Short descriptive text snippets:
---

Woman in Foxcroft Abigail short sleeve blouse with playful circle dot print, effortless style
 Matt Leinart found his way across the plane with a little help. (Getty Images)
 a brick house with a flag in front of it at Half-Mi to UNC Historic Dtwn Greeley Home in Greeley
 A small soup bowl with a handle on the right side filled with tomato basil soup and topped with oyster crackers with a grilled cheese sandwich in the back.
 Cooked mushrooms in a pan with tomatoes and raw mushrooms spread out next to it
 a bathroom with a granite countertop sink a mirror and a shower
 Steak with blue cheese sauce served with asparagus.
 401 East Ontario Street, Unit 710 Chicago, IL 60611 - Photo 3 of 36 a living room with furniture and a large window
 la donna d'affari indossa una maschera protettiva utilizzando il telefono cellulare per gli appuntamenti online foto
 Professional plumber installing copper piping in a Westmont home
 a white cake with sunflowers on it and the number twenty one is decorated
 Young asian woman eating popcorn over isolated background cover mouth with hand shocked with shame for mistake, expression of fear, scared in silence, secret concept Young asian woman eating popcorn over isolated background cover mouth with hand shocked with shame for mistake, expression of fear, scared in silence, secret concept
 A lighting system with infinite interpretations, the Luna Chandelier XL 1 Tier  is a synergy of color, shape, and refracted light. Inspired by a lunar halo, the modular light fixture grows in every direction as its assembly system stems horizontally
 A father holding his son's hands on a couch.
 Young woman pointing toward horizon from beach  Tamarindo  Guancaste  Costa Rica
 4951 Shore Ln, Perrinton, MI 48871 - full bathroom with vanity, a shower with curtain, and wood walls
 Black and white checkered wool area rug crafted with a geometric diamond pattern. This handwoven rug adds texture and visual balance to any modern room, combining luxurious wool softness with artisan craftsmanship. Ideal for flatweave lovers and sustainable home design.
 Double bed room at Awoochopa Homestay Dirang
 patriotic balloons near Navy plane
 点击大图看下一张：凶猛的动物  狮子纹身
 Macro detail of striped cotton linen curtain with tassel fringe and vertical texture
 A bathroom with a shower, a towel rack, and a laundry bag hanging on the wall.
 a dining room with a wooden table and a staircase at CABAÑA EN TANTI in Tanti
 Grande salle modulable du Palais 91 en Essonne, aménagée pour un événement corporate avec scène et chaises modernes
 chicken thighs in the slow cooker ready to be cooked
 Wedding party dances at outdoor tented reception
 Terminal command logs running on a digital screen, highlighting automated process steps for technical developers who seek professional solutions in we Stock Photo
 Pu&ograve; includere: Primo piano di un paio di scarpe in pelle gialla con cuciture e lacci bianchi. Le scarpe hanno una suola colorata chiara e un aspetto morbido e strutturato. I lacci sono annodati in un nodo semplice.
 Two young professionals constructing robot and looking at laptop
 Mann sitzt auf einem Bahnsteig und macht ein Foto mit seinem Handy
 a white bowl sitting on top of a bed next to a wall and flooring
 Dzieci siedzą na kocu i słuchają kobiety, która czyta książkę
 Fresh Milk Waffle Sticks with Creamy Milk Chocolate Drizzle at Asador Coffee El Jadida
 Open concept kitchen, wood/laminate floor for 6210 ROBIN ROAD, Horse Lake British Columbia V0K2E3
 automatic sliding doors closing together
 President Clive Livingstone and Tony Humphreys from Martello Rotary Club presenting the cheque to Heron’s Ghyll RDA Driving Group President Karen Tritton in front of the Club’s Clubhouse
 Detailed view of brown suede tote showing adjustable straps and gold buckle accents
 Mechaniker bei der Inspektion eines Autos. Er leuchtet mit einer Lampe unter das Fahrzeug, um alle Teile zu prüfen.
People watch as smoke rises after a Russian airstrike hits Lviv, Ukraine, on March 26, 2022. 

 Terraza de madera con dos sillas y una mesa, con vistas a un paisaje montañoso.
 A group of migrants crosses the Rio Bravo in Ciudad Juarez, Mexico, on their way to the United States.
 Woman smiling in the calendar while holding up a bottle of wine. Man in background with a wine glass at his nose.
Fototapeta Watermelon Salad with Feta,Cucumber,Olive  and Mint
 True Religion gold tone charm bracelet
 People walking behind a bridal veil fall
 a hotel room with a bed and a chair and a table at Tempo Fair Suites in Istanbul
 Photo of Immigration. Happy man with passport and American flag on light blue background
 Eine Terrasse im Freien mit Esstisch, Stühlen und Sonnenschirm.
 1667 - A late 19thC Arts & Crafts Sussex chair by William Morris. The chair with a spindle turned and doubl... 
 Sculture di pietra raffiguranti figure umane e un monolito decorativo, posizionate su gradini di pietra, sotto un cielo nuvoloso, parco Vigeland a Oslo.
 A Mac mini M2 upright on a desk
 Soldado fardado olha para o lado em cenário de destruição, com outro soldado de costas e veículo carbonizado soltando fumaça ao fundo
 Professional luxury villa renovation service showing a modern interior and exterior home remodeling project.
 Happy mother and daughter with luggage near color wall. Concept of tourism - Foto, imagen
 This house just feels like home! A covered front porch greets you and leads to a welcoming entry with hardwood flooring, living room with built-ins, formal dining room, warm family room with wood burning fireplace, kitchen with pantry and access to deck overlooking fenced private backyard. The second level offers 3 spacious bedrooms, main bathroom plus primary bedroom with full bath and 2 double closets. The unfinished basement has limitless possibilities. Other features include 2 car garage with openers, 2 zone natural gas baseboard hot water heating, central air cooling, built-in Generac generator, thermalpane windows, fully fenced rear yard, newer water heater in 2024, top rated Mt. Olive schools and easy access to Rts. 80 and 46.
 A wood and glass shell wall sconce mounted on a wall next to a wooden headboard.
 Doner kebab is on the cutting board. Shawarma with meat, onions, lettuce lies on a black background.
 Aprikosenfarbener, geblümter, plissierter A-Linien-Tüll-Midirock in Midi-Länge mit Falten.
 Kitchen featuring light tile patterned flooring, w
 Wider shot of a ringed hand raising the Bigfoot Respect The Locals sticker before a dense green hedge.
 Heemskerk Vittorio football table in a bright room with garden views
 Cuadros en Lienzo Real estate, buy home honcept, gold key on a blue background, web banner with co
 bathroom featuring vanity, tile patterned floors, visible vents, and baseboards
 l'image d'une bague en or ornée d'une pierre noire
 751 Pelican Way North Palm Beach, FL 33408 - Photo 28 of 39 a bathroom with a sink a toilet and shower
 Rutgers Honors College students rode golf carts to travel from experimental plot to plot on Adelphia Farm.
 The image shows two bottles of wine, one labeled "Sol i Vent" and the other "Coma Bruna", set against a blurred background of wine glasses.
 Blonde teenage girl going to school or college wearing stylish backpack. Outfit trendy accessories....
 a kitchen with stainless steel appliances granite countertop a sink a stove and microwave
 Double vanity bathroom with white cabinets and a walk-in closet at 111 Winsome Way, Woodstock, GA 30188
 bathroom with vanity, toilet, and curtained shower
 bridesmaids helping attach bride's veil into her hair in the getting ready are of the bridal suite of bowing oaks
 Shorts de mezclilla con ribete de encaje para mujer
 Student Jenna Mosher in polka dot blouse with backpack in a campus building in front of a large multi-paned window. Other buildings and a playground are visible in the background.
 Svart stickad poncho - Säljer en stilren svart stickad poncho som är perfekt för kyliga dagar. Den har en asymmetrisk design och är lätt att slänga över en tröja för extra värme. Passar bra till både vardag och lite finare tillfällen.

---

Task brief:
Nothing but the lines from the first line of the data through the line with "secret concept Young" should be returned, exactly as they appear, both ends included.

Response box:
Woman in Foxcroft Abigail short sleeve blouse with playful circle dot print, effortless style
 Matt Leinart found his way across the plane with a little help. (Getty Images)
 a brick house with a flag in front of it at Half-Mi to UNC Historic Dtwn Greeley Home in Greeley
 A small soup bowl with a handle on the right side filled with tomato basil soup and topped with oyster crackers with a grilled cheese sandwich in the back.
 Cooked mushrooms in a pan with tomatoes and raw mushrooms spread out next to it
 a bathroom with a granite countertop sink a mirror and a shower
 Steak with blue cheese sauce served with asparagus.
 401 East Ontario Street, Unit 710 Chicago, IL 60611 - Photo 3 of 36 a living room with furniture and a large window
 la donna d'affari indossa una maschera protettiva utilizzando il telefono cellulare per gli appuntamenti online foto
 Professional plumber installing copper piping in a Westmont home
 a white cake with sunflowers on it and the number twenty one is decorated
 Young asian woman eating popcorn over isolated background cover mouth with hand shocked with shame for mistake, expression of fear, scared in silence, secret concept Young asian woman eating popcorn over isolated background cover mouth with hand shocked with shame for mistake, expression of fear, scared in silence, secret concept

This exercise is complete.